While there is a mad rush to declare winners and losers of the combine in terms of on-field performance (guilty), we rarely look at it in terms of the overall competition. Teams are always searching for an edge and all facets of football life—scouting, public relations, personnel—are on display for a week in Indianapolis. Here's a broader look at who did well and who did not this week.
The mythos surrounding the combine:
It’s absolutely phenomenal how the NFL manages to come away from the combine with a central storyline it can grind to death over the course of two months almost every year. In 2018, the league was simply gifted one of the most talented quarterback classes since 2004. And this year? A Kyler Murray subplot that has roots buried underneath almost half the teams in the NFL. Don’t you see how the dominoes will fall? Will Kyler go No. 1? If so, where does Josh Rosen land? If he doesn’t, how does Arizona make it up to Rosen after the extended flirtation? Where does Murray go?

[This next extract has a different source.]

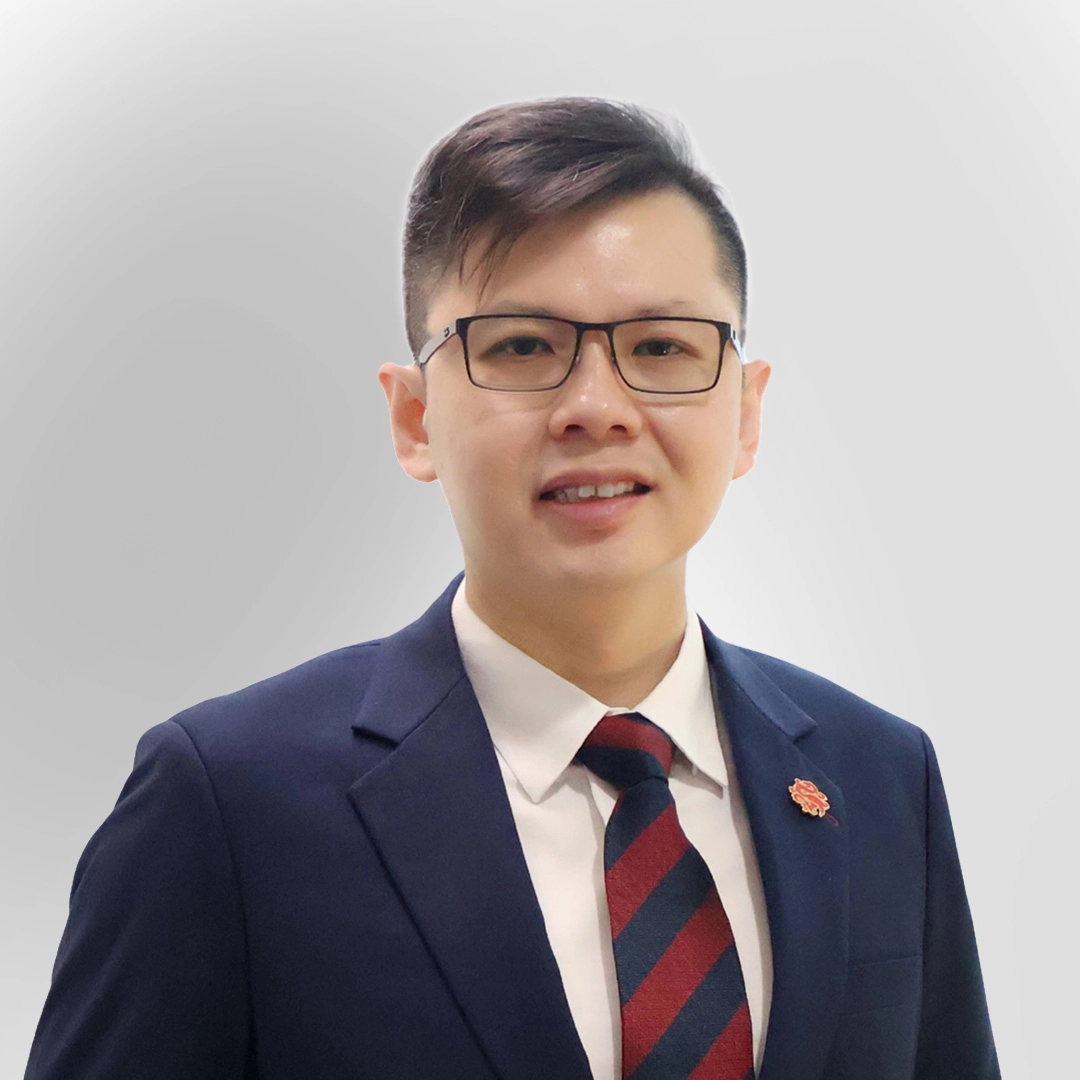 Portrait of a man wearing glasses, a suit, and a striped tie, smiling against a plain background.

Players who didn’t seem to love their current teams, anyway:
If you paid attention, the 2019 combine was essentially a final goodbye for players like Antonio Brown and Landon Collins. Whether it’s an inherent pushback from a 2018 where players seemed to level the playing field, or simply a few cranky general managers willing to admit that they don’t feel like dealing with a thorn in their side, it was a good week for those who want to be somewhere else and are close to getting their wish. Collins is being openly recruited. Brown, meanwhile, gets to hang out with LeBron James and 2 Chainz and criticize Ben Roethlisberger. Everyone wins, and they can burn the bridges behind them.
The former NFL Network draft guru has settled into general manager life well. Despite it seeming, on the surface, to be a pairing of two long-exiled outsiders, Mayock seems to be delivering a sheen of professionalism to the wild Raiders during his first few months. And if nothing else, he is the polar opposite of other opportunist general managers who climb the ladder through cozy media relationships. He won’t even share his draft bible with his daughter.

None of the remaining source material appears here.